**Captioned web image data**
━━━━━━

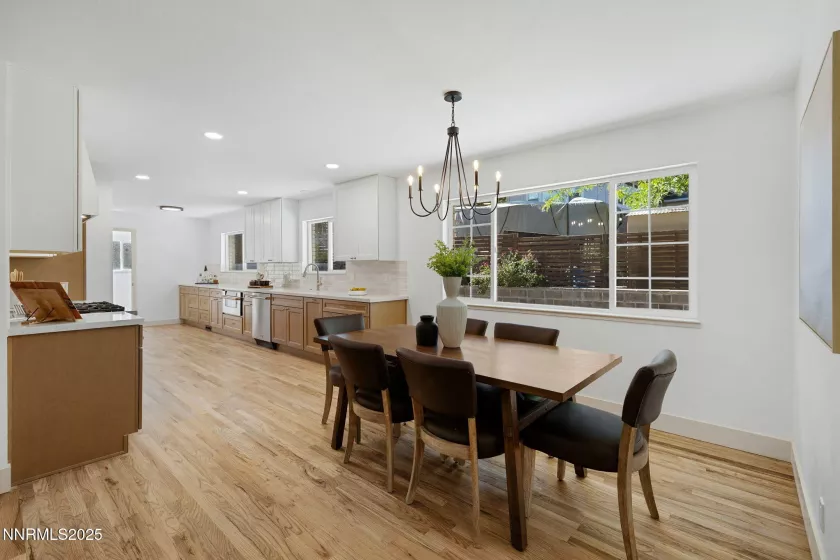 50 Moore, Reno, Nevada 89509, 5 Bedrooms Bedrooms, ,3 BathroomsBathrooms,Residential,Residential,Moore,250051809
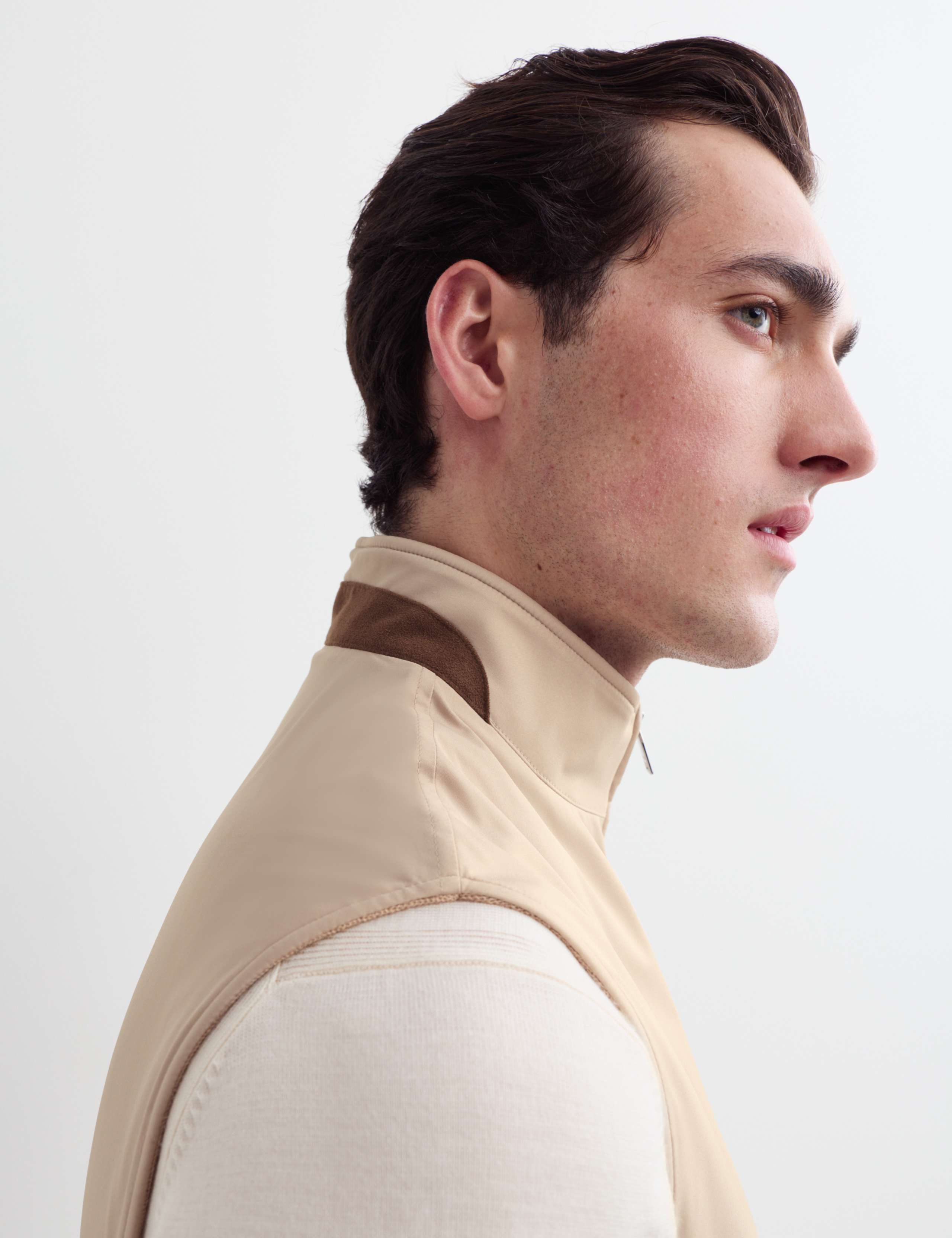 Gilet 3 of 7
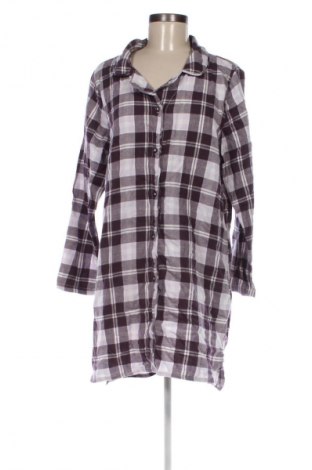 Damenbluse Nkd, Größe S, Farbe Mehrfarbig, Preis € 7,99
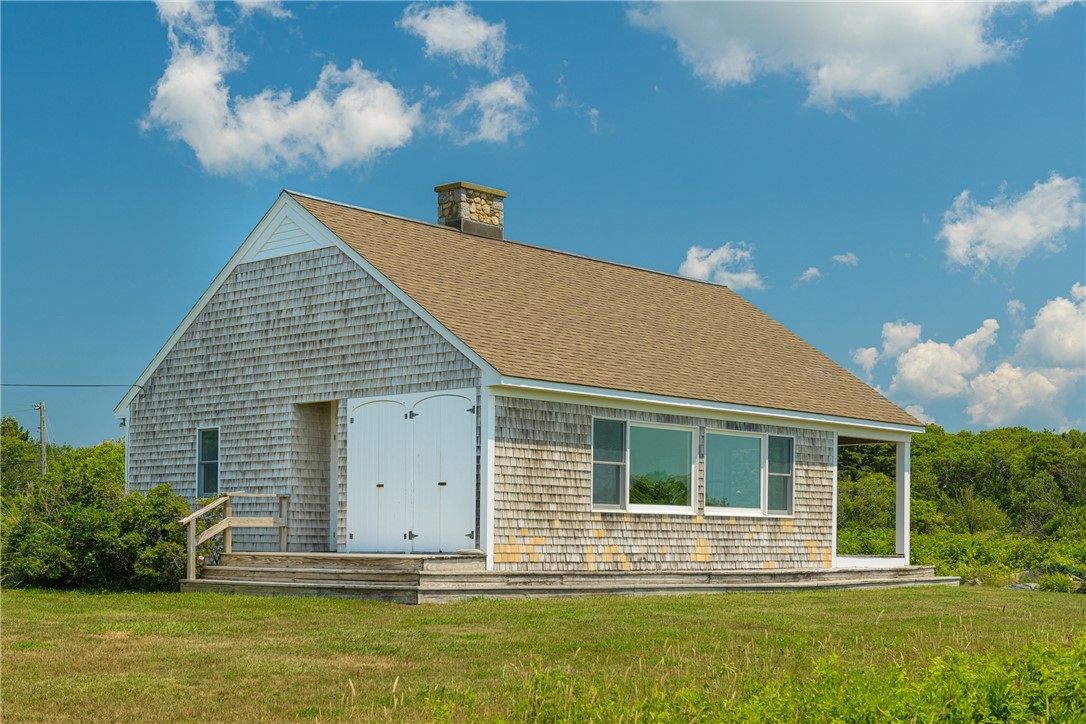 73 Quaker Hill Road Little Compton, RI 02837 - Photo 21 of 29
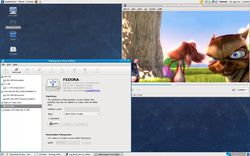 Fedora_11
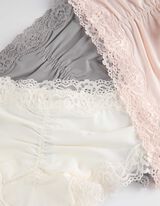 Brasiliana - Confezione da 3 pezzi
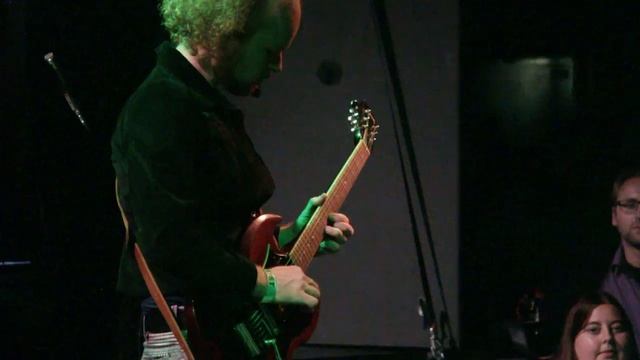 Light My Fire (live) - The Doors in Concert смотреть онлайн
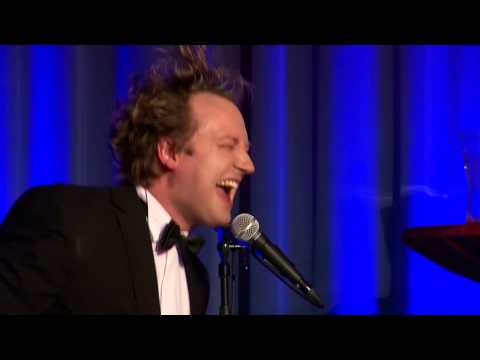 Streckenbach & Köhler - 30 Grad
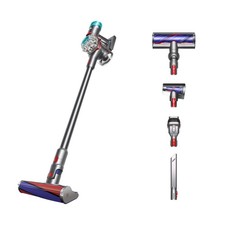 Dyson absolute cordless for sale  Fairfield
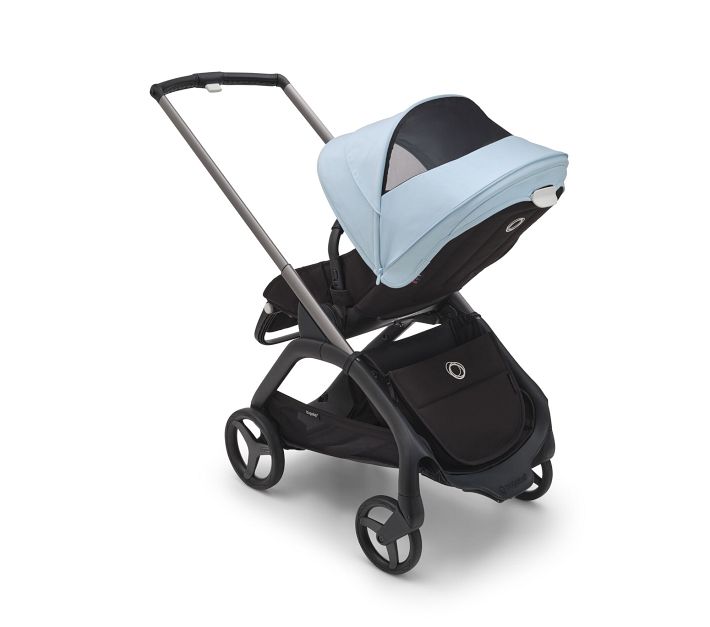 stokke limas Stokke Limas Carrier Flex main image 0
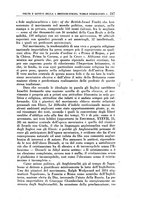 giornale/RML0025667/1941/V.2/00000261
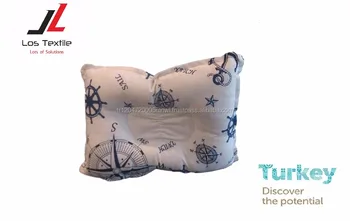 Baby Nursing Hand Pillow Buy Baby Nursing Pillow Round Shape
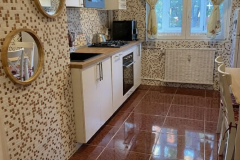 6nfk42tr0nrmy0cwraevbsfq5r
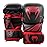 Venum Challenger 3.0 Sparring Gloves - Black/Red - M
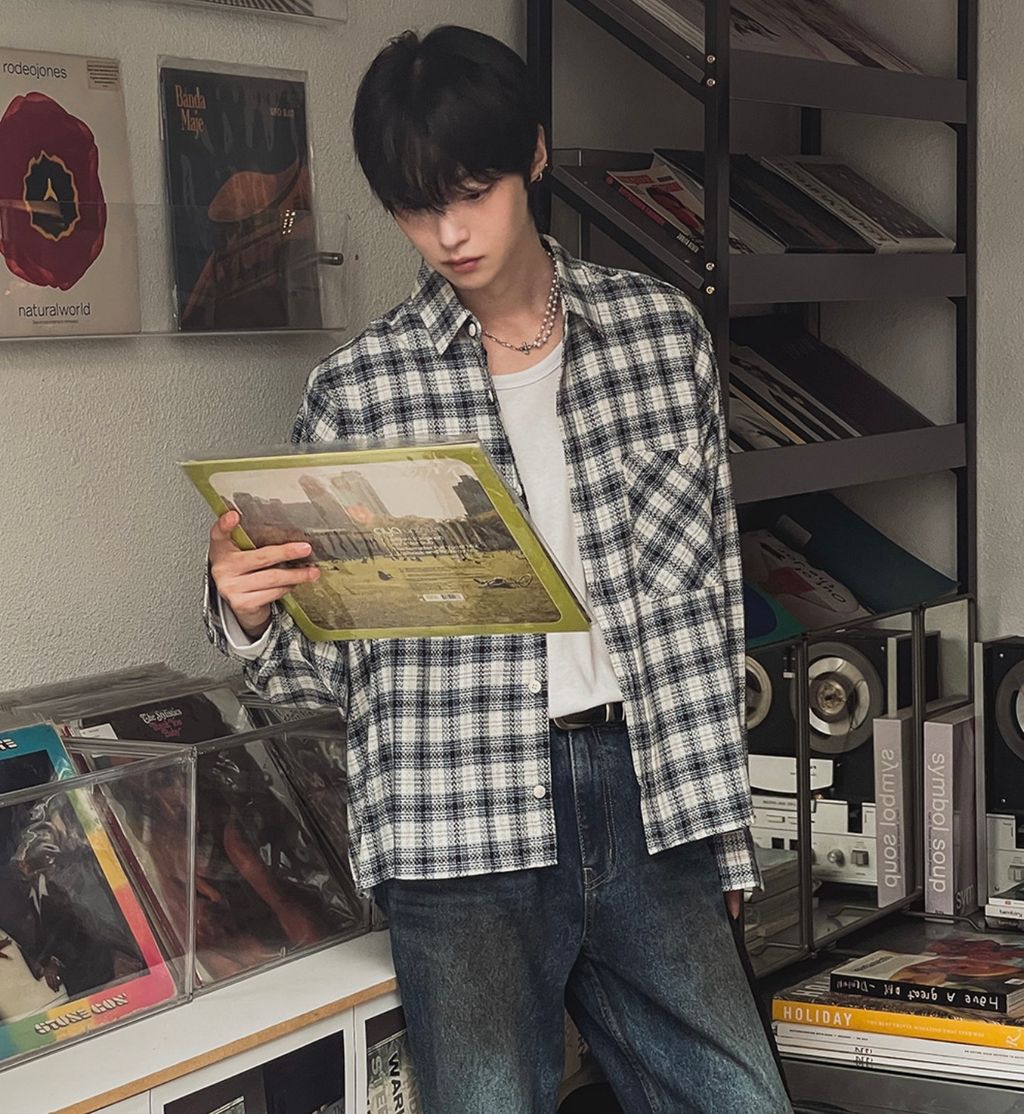 截圖 2025-10-23 上午1.46.03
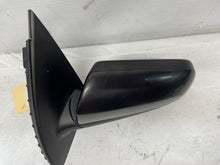 2009 Pontiac G8 LH Driver Exterior Side Door Mirror OEM - Day's Parts Yard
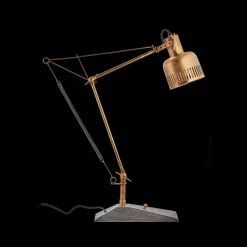 Pendulux Table Lamps|Prague Table Lamp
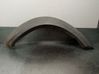 Rear arch DFK100710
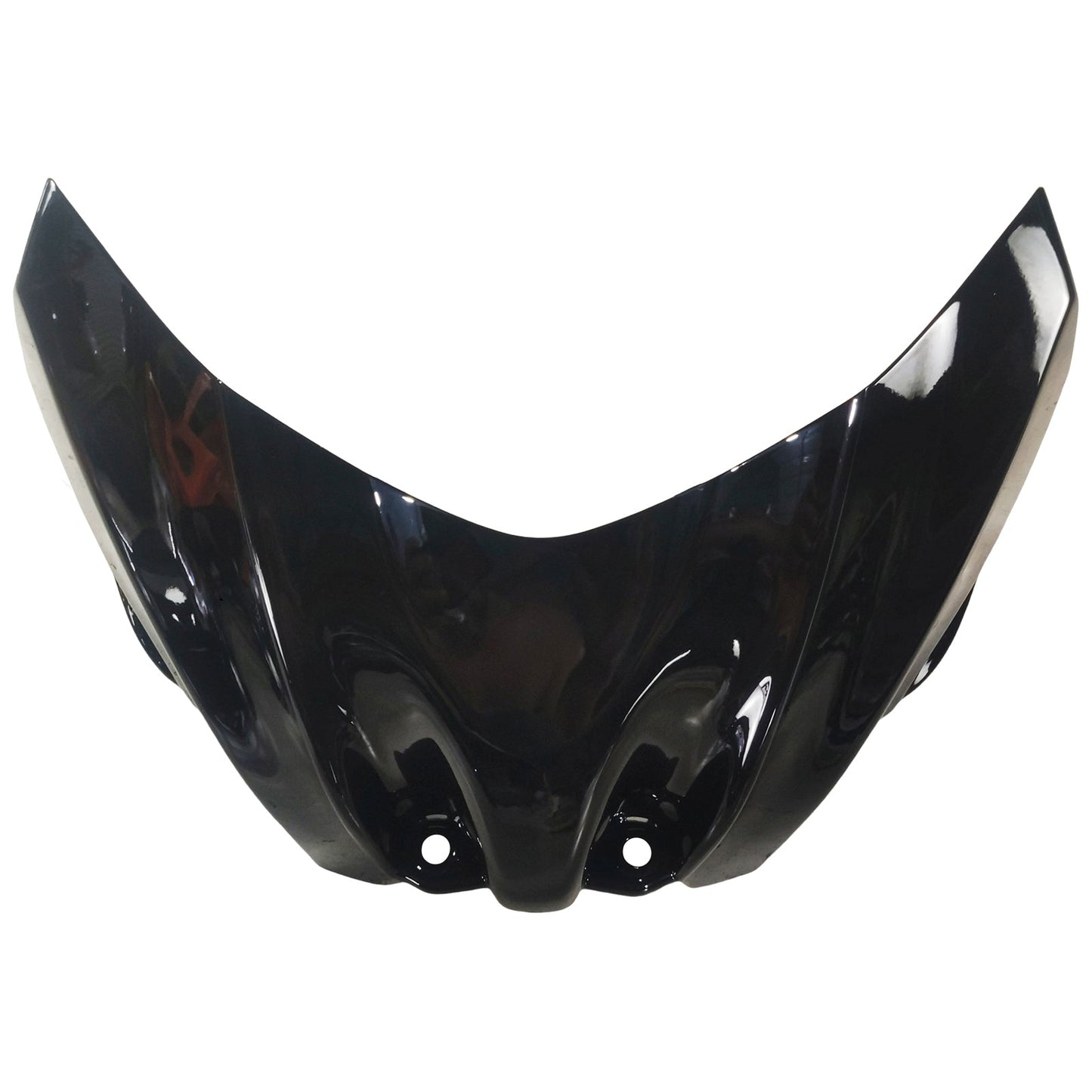 2009-2016 Fairings Suzuki GSXR 1000 All Black GSXR Generic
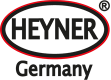HEYNER Scheibenwischer MINI Kosten kaufen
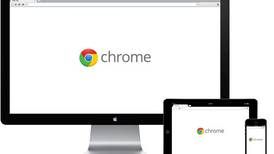 Google se prepara para bloquear publicidad con Chrome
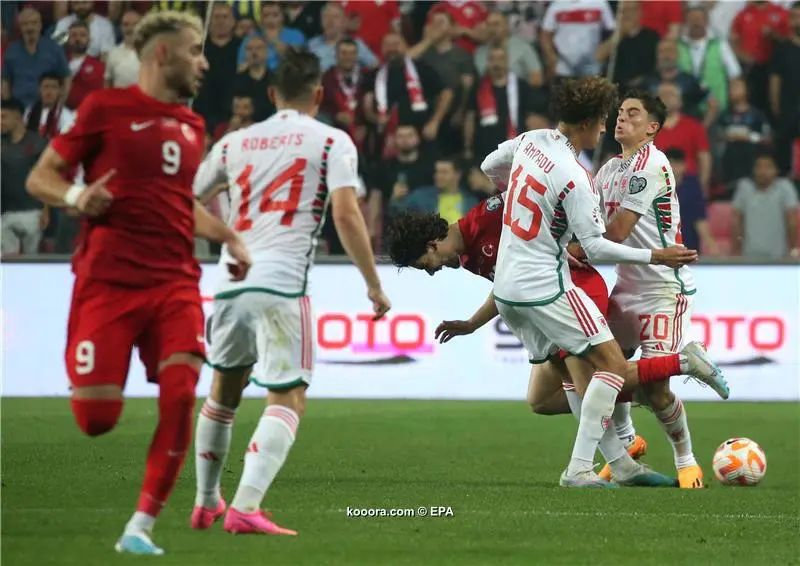 ?i=epa%2fsoccer%2f2023-06%2f2023-06-19%2f2023-06-19-10700950_epa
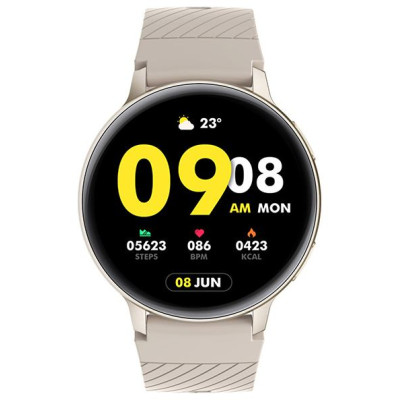 Tracer 47336 Smartwatch SMR2 Classy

━━━━━━

**What the task asks**
Exactly as written above, print every record, and keep the pictures out.

**Response to the exercise**
 50 Moore, Reno, Nevada 89509, 5 Bedrooms Bedrooms, ,3 BathroomsBathrooms,Residential,Residential,Moore,250051809
 Gilet 3 of 7
 Damenbluse Nkd, Größe S, Farbe Mehrfarbig, Preis € 7,99
 73 Quaker Hill Road Little Compton, RI 02837 - Photo 21 of 29
 Fedora_11
 Brasiliana - Confezione da 3 pezzi
 Light My Fire (live) - The Doors in Concert смотреть онлайн
 Streckenbach & Köhler - 30 Grad
 Dyson absolute cordless for sale  Fairfield
 stokke limas Stokke Limas Carrier Flex main image 0
 giornale/RML0025667/1941/V.2/00000261
 Baby Nursing Hand Pillow Buy Baby Nursing Pillow Round Shape
 6nfk42tr0nrmy0cwraevbsfq5r
 Venum Challenger 3.0 Sparring Gloves - Black/Red - M
 截圖 2025-10-23 上午1.46.03
 2009 Pontiac G8 LH Driver Exterior Side Door Mirror OEM - Day's Parts Yard
 Pendulux Table Lamps|Prague Table Lamp
 Rear arch DFK100710
 2009-2016 Fairings Suzuki GSXR 1000 All Black GSXR Generic
HEYNER Scheibenwischer MINI Kosten kaufen
 Google se prepara para bloquear publicidad con Chrome
 ?i=epa%2fsoccer%2f2023-06%2f2023-06-19%2f2023-06-19-10700950_epa
 Tracer 47336 Smartwatch SMR2 Classy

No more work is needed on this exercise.